Clashes Continue Between Sri Lanka’s Military, Tamil Rebels
Tamil fighters on Tuesday accused the Sri Lankan military of killing more than 1,000 civilians in a government raid on their territory. The military denied the accusation and said the raid, which broke through the separatists’ defensive fortifications, allowed tens of thousands of noncombatants to flee the chaotic territory.
Each side has accused the other of endangering civilians in the long conflict, which has killed more than 4,500 people and injured more than 12,000 in the last three months alone, according to U.N. estimates.
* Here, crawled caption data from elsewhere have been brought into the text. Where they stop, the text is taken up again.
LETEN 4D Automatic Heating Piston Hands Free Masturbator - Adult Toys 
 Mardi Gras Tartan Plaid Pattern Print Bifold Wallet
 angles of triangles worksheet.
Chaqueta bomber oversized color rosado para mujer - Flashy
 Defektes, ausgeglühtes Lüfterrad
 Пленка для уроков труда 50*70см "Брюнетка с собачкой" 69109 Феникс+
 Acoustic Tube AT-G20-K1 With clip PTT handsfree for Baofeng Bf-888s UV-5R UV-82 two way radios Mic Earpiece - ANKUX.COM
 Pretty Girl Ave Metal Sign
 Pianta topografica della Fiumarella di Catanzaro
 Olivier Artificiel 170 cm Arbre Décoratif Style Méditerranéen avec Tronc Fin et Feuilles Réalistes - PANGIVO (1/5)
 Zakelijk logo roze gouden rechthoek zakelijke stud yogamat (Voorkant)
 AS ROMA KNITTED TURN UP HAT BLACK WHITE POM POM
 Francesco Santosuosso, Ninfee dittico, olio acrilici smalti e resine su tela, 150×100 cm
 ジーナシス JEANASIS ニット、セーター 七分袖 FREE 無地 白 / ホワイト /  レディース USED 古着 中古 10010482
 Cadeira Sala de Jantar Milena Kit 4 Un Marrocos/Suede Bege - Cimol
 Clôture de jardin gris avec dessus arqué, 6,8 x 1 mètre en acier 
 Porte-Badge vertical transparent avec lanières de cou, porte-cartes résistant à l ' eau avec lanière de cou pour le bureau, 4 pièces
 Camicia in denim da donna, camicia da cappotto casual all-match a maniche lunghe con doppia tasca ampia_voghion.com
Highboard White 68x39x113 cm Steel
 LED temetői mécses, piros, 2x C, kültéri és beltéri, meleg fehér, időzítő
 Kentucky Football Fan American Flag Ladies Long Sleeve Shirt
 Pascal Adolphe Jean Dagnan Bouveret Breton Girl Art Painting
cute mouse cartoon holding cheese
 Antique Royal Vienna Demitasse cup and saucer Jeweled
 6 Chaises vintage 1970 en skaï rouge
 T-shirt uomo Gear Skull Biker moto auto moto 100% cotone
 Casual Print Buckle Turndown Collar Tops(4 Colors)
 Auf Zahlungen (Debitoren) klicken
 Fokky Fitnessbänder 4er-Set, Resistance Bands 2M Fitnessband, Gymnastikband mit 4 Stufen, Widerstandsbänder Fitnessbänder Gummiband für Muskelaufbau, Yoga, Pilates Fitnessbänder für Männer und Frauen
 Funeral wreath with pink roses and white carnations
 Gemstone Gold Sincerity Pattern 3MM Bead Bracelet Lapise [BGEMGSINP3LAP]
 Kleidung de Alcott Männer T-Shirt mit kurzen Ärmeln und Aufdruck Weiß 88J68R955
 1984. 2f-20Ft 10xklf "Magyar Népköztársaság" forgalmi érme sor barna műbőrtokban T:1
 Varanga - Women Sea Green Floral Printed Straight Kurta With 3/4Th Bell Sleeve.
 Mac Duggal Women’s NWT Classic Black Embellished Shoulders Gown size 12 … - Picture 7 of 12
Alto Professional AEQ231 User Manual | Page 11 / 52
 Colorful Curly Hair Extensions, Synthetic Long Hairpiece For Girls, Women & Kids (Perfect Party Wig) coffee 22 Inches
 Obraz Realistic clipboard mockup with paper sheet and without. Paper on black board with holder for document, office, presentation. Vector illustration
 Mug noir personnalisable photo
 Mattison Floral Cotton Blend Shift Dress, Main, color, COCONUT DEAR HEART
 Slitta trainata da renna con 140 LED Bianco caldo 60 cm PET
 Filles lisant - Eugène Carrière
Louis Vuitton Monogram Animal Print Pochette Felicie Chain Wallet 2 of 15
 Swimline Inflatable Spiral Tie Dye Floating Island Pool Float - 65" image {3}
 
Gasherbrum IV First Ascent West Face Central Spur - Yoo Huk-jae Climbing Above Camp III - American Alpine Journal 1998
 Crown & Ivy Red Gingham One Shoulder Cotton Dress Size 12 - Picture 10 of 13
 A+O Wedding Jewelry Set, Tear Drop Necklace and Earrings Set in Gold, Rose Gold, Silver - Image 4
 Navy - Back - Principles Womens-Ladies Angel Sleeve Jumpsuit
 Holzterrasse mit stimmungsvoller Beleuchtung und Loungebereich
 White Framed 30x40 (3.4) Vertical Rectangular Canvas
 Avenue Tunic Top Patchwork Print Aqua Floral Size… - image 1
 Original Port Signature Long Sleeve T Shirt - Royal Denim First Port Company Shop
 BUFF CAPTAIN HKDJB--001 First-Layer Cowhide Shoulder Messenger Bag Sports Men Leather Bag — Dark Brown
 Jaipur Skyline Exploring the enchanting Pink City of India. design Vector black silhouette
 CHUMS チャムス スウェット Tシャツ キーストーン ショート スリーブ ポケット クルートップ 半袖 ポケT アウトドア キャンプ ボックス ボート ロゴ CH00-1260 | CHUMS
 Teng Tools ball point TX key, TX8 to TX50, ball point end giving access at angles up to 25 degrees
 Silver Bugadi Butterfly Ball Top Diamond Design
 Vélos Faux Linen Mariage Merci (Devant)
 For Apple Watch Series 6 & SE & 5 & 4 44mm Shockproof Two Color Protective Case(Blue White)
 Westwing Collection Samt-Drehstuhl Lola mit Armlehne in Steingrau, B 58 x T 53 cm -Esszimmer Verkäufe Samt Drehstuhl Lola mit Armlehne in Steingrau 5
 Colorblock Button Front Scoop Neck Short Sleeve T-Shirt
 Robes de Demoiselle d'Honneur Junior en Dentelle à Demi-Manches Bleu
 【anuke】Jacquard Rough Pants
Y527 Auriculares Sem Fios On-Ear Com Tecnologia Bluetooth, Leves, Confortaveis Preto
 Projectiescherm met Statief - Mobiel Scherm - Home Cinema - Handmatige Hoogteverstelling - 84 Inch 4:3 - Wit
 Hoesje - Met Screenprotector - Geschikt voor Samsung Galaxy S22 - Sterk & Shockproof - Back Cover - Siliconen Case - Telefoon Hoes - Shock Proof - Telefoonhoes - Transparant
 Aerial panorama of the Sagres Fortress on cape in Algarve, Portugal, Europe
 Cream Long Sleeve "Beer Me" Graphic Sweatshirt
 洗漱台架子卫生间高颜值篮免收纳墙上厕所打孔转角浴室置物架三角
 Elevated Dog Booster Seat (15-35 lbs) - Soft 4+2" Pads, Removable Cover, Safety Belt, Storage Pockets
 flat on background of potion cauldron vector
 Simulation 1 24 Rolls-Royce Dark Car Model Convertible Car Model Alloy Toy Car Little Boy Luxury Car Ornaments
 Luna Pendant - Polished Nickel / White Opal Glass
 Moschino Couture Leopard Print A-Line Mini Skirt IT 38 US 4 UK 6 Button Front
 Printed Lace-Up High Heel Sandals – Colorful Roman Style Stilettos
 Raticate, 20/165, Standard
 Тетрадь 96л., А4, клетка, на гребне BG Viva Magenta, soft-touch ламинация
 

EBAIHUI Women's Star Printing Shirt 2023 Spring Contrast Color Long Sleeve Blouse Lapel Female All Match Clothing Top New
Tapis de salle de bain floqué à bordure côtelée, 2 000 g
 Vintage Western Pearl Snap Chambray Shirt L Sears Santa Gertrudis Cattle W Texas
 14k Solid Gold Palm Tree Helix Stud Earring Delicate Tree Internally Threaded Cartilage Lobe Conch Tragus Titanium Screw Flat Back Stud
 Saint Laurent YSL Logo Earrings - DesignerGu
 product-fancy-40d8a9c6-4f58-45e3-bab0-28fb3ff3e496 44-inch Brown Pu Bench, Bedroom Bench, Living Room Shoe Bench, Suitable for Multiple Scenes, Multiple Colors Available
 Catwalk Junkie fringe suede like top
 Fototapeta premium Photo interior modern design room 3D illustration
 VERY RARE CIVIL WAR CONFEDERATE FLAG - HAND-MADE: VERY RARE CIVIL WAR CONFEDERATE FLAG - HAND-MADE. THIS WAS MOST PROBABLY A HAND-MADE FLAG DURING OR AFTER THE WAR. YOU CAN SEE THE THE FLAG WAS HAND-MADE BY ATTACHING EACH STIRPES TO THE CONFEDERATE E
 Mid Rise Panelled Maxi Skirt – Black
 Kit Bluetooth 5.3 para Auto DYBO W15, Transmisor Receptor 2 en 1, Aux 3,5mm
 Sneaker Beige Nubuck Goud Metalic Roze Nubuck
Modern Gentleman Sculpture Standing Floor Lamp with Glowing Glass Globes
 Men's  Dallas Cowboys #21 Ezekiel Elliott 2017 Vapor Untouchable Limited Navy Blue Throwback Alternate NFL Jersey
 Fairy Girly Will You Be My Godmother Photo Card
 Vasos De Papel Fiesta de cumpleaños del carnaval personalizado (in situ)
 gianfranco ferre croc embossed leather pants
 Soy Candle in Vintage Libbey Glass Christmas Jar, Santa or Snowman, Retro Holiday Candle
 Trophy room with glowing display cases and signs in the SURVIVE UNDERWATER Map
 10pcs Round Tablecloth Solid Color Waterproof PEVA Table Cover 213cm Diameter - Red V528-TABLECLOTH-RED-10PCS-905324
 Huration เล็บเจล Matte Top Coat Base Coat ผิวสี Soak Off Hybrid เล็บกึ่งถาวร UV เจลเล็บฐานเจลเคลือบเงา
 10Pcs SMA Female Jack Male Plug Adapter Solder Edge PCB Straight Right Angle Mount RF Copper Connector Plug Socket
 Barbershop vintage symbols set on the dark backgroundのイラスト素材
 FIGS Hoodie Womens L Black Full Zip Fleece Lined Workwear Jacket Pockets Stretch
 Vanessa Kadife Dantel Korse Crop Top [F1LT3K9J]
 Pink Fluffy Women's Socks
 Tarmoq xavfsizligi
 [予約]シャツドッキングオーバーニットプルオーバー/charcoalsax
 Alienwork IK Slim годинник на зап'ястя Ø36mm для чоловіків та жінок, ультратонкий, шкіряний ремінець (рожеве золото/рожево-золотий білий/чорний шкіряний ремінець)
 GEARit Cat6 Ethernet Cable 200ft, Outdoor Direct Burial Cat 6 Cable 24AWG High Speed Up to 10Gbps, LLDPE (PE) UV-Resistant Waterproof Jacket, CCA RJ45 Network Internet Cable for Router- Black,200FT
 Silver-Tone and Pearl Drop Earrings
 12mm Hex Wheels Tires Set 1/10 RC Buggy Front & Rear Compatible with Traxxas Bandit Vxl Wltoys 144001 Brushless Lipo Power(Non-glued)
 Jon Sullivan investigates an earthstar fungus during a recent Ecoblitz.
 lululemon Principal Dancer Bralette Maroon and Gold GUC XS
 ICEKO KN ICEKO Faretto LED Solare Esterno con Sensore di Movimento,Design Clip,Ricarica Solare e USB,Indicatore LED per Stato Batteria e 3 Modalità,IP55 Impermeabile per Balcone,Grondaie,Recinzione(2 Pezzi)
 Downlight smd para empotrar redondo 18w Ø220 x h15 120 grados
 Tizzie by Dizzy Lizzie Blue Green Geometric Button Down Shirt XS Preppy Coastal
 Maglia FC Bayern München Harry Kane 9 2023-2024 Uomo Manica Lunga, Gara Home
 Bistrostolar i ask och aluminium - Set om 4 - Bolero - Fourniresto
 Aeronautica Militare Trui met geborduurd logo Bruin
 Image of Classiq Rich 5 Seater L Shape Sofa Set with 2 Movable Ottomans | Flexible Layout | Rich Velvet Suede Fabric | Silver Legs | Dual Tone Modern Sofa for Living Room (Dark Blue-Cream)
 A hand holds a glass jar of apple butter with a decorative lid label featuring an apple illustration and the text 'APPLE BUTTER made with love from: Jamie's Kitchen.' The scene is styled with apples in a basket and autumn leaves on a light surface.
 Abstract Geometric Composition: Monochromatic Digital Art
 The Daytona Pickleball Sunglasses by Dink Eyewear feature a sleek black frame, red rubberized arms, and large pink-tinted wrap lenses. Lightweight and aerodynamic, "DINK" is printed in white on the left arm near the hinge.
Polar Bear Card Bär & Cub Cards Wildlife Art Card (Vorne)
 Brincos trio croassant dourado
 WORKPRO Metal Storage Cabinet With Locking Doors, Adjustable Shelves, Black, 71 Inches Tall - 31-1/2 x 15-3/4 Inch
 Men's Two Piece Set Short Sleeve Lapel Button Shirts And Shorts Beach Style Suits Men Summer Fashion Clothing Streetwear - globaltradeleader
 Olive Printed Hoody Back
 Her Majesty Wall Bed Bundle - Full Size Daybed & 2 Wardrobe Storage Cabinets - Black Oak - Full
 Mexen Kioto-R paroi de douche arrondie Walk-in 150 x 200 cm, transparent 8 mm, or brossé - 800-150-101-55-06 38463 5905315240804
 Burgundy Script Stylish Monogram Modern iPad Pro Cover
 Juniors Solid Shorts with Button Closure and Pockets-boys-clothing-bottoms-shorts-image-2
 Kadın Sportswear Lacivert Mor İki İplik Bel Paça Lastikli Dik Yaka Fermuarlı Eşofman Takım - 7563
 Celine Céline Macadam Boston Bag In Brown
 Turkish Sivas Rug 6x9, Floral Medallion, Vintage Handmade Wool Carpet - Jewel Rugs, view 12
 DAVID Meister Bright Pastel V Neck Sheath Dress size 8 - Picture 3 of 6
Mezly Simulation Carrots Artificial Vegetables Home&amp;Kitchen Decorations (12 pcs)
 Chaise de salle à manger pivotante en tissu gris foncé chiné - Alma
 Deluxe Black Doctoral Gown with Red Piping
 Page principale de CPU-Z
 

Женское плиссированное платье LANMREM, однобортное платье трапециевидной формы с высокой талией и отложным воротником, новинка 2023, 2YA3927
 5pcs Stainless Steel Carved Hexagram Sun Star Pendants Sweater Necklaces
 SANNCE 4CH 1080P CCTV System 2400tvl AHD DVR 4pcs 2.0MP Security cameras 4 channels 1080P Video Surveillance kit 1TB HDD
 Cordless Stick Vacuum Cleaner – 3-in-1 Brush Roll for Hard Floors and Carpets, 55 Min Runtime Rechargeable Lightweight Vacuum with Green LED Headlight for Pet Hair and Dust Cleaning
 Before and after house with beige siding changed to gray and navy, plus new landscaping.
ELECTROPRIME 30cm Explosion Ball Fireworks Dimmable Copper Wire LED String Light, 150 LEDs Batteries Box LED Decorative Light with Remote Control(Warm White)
The military has accused the Tigers of using civilians as human shields, and the Tigers accuse the military of shelling civilians in the populous area.
Independent verification of either claim is impossible, because the government generally does not allow foreign journalists in the combat zone.
What is clear is that the situation is “catastrophic,” according to the International Committee of the Red Cross.
“The situation is nothing short of catastrophic,” ICRC director of operations Pierre Kraehenbuehl said in a statement. “Ongoing fighting has killed or wounded hundreds of civilians who have only minimal access to medical care.”
On Monday, after breaking through the defensive fortification, the military offered the separatists a Tuesday deadline (6:30 GMT) to surrender or face a final assault. The deadline passed with no action from the Tigers, according to media reports.
Kraehenbuehl warned that another military offensive could lead to “a dramatic increase in civilian casualties.”
The military released a video Tuesday showing thousands of people fleeing the area, walking across a muddy field to a cluster of buildings, according to the New York Times. Gordon Weiss, the U.N. spokesman in Sri Lanka, told BBC News that it is not clear how many civilians remain, but that the U.N. has been working with a population figure of 150,000 to 200,000 in recent months.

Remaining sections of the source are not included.